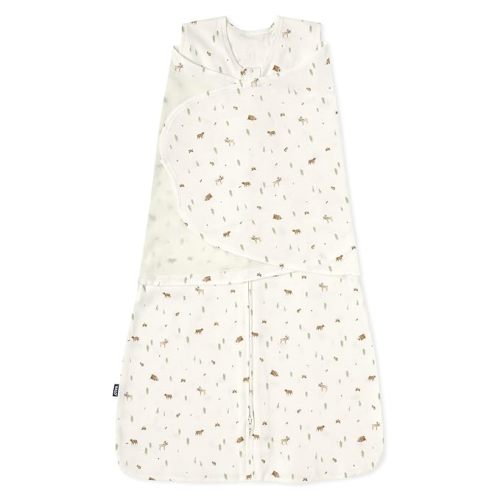HALO 100% Cotton Sleepsack Swaddle, TOG 1.5, Campsite, 0-3 Months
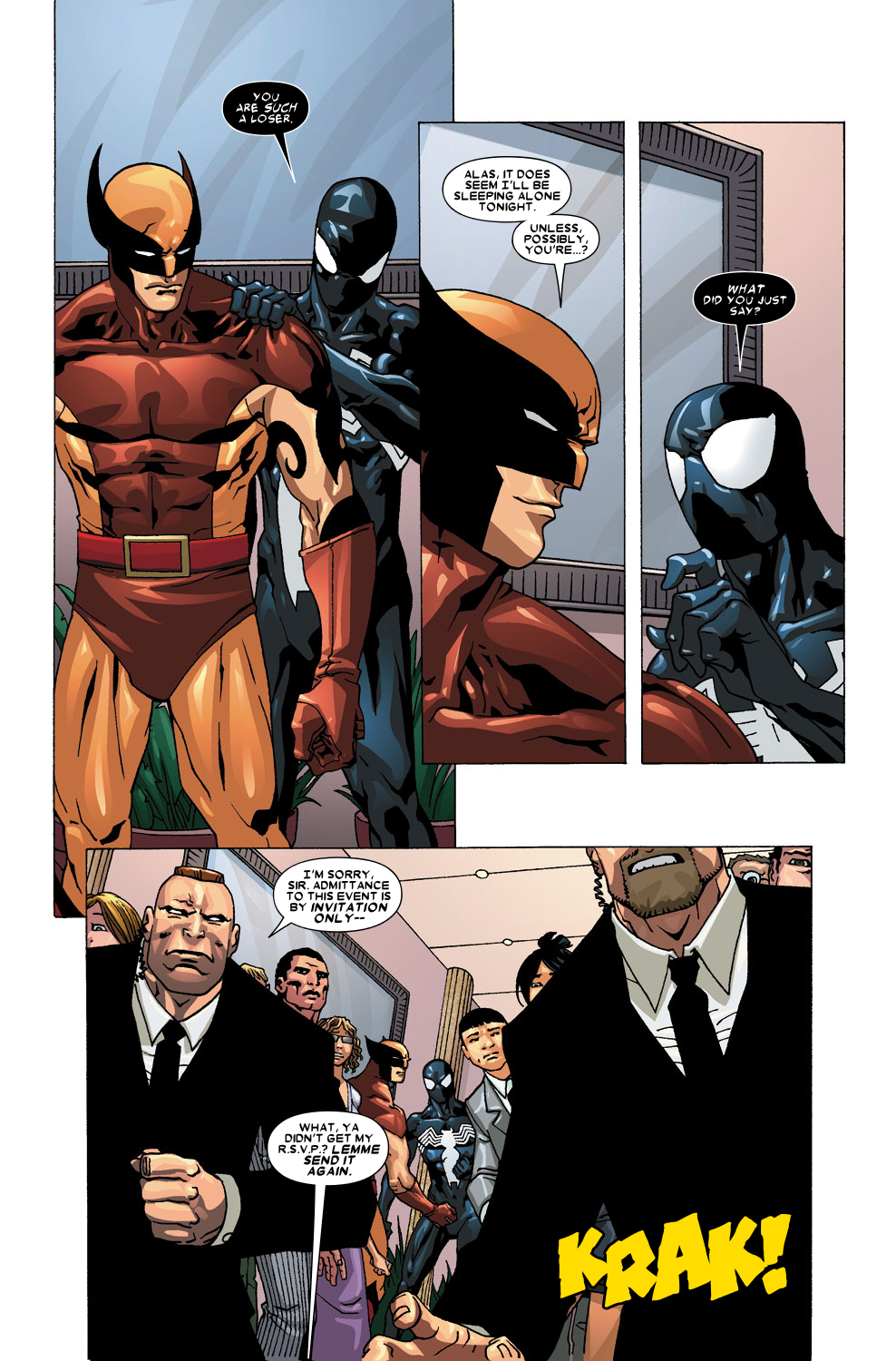 Dark Wolverine Issue #75 - Page 21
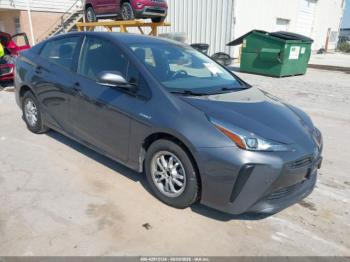  Salvage Toyota Prius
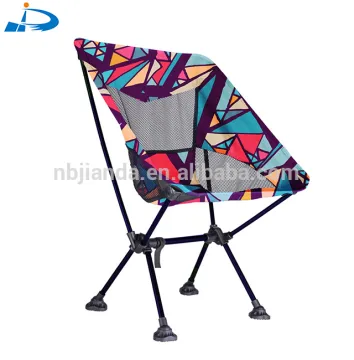 Folding Fabric Reclining Outdoor Camping Chairs with Carrying Bag Compact Ultralight Portable Heavy Duty Outdoor Chair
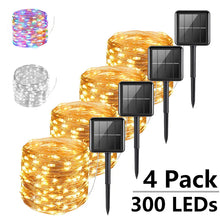 Load image into Gallery viewer, 7M/12M/22/32M Solar Led Fairy Light Outdoor garden lights
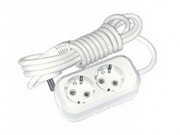 Удл.колодка 2р х  2м с з/к б/выкл. 16А MAKEL ВИ-КО  MGP 312/ MGP112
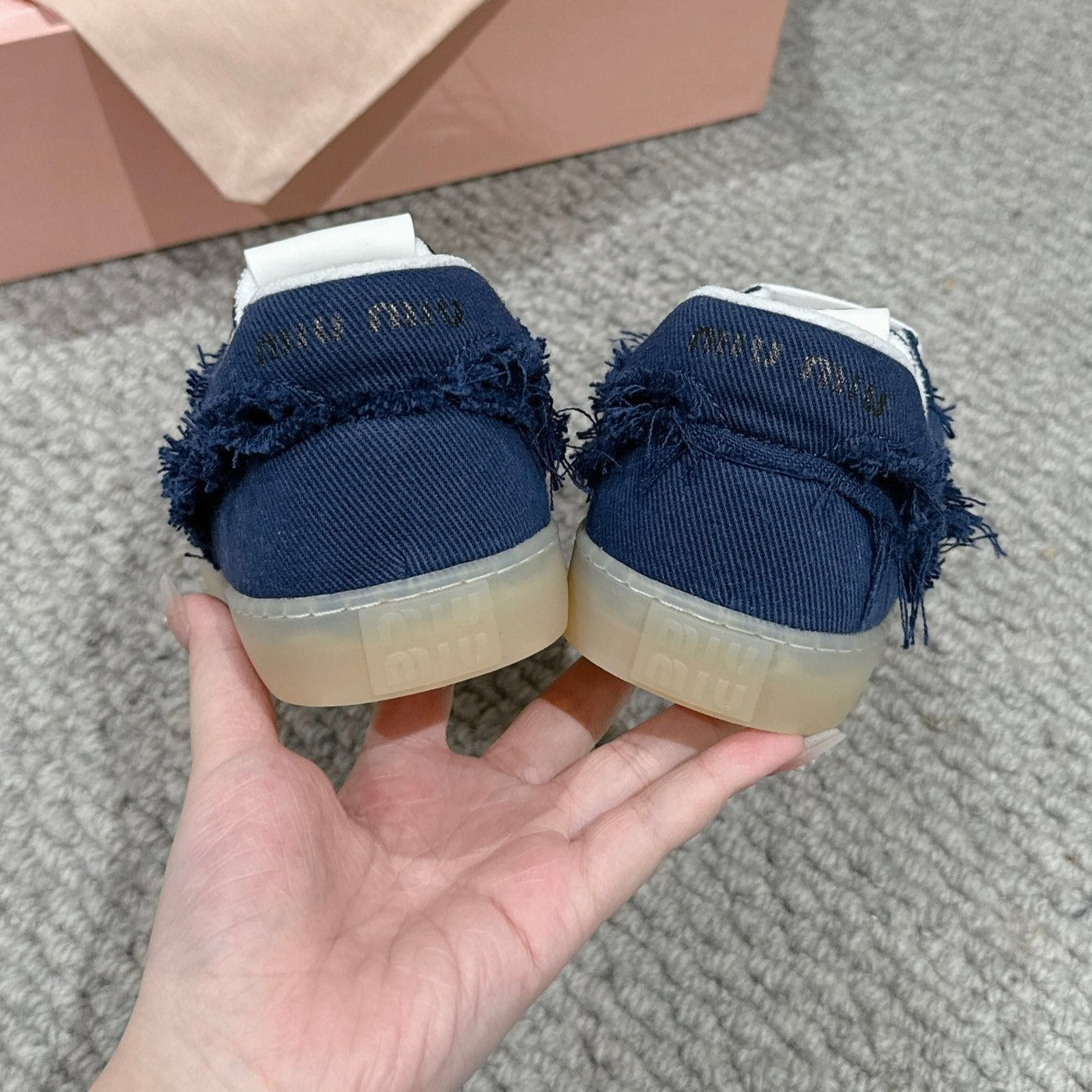 Dexun Sneaker Royal Blue Canvas、mysite、Cacoeks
┄┄┄┄┄┄┄┄┄┄┄┄┄┄┄┄┄┄┄┄
# What you are asked to do:
Could you repeat every record exactly as written, with the pictures left out?

# Answer for this exercise:
HALO 100% Cotton Sleepsack Swaddle, TOG 1.5, Campsite, 0-3 Months
 Dark Wolverine Issue #75 - Page 21
  Salvage Toyota Prius
 Folding Fabric Reclining Outdoor Camping Chairs with Carrying Bag Compact Ultralight Portable Heavy Duty Outdoor Chair
 Load image into Gallery viewer, 7M/12M/22/32M Solar Led Fairy Light Outdoor garden lights
 Удл.колодка 2р х  2м с з/к б/выкл. 16А MAKEL ВИ-КО  MGP 312/ MGP112
 Dexun Sneaker Royal Blue Canvas、mysite、Cacoeks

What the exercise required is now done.